The discussion turned to Bowie and how he was now "a girl". Which I simply found confusing. I didn't really know Bowie. I'm sure I had heard his music but it didn't stick out - yet.

Second Bowie Memory was later in Sr High as a freshman. Mike DeSanto was telling us how "this Bowie song had Wham-Bam-Thank-You-maam" in it. Then we heard it in school. I'm not sure how we heard it but we were in class room and we stood silently, listening, straining to hear the magic line which as I'm sure you are aware today, comes at the end. What seemed like hours passed and then we were giggling like the Teen Aged  boys we were at the time.

Third is the Glass Spider tour in '87, Veterans Stadium, Philly.

Four of us had a house in Sea Isle City for the summer and up the street was an analogous house of girls who had tickets for the Philly shows. The girls invited some of us to drive up from the shore to the Vet to see the show - no big deal.

After the show we were walking back the car and were at the corner of Broad and Pattison and we were waiting there for some reason.

There was a clearly super-intoxicated man stumbling west on Pattison and headed east was group of Bro's from NE Philly clearly up for anything.

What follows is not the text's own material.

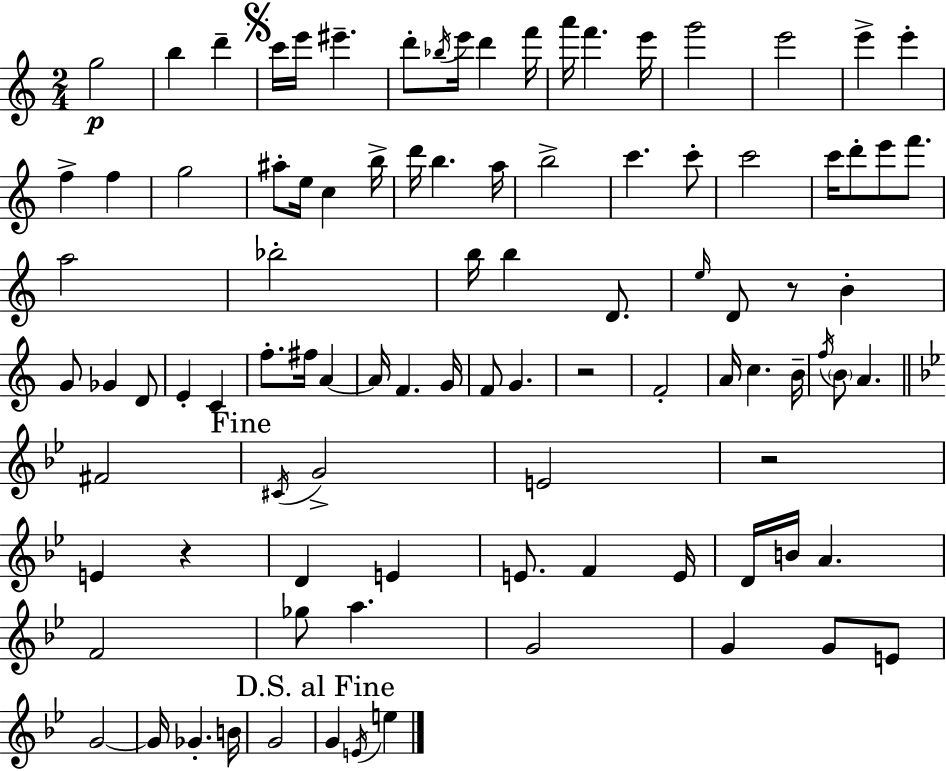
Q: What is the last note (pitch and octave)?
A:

You could tell they were going to intersect and something was going to happen.

Look left- Bros. Look Right - drunk guy. left Bros. Right drunk

The two met nearly right in front of us and one of the Bros reached back and sucker-punched the west-bound traveler who collapsed like a cheap card table. The Bros laughed and moved on.

I remember how the drunk guy's head sort of bounced off the concrete and back down.

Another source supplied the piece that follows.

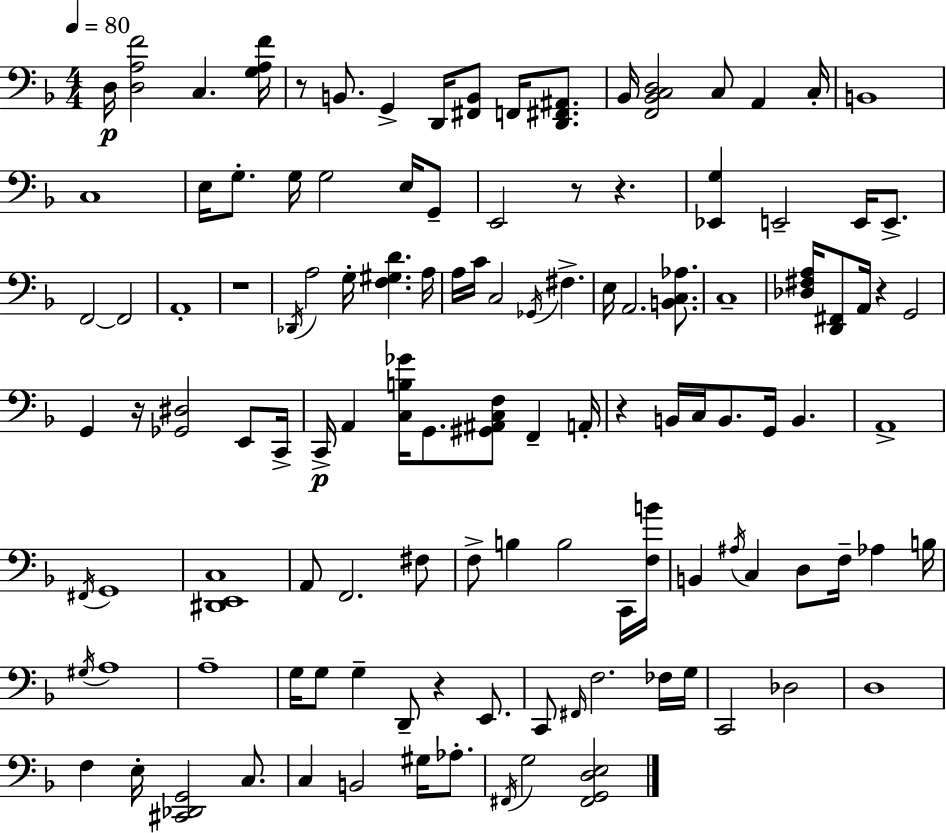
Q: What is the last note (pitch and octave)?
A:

He laid there for a  few minutes and we were sort of standing around uncomfortably deciding if we should help him when a Philly cop came up and approached the still unconscious man.

I know I was thinking "OK good, now the guy can get some help".

The cop bent slightly over, took out his night stick and poked the guy in the side saying "Hey buddy, you OK?" - just like they taught him at the academy. Twice.

Eventually, the guy woke, got up and ran behind some bushes at the Broad Street line station and puked. We never saw him again.

Sunday, January 03, 2016

Mummer's '59

My father was a terrible photographer - especially with outdoor photography. This was largely due to the rudimentary technology available in 1959 using his post war era Agfa Silette Pronto but as the recipient of a large number of blurry Kodachrome slides, I can attest that he did not understand "depth of field".  Indoor photography of that age was much more forgiving with safety flash bulbs - a generation removed from Mathew Brady era flash bars - but outdoors it was a wild set of assumptions about shutter speed, F-stop and range.

There were two sets of outdoor photos that stood out as some-what-acceptable:

1. A set of photos taken of my Aunt's '61 DeSoto after it had been the victim of a hit and run on Morris Street in South Philly, taken presumably for insurance purposes.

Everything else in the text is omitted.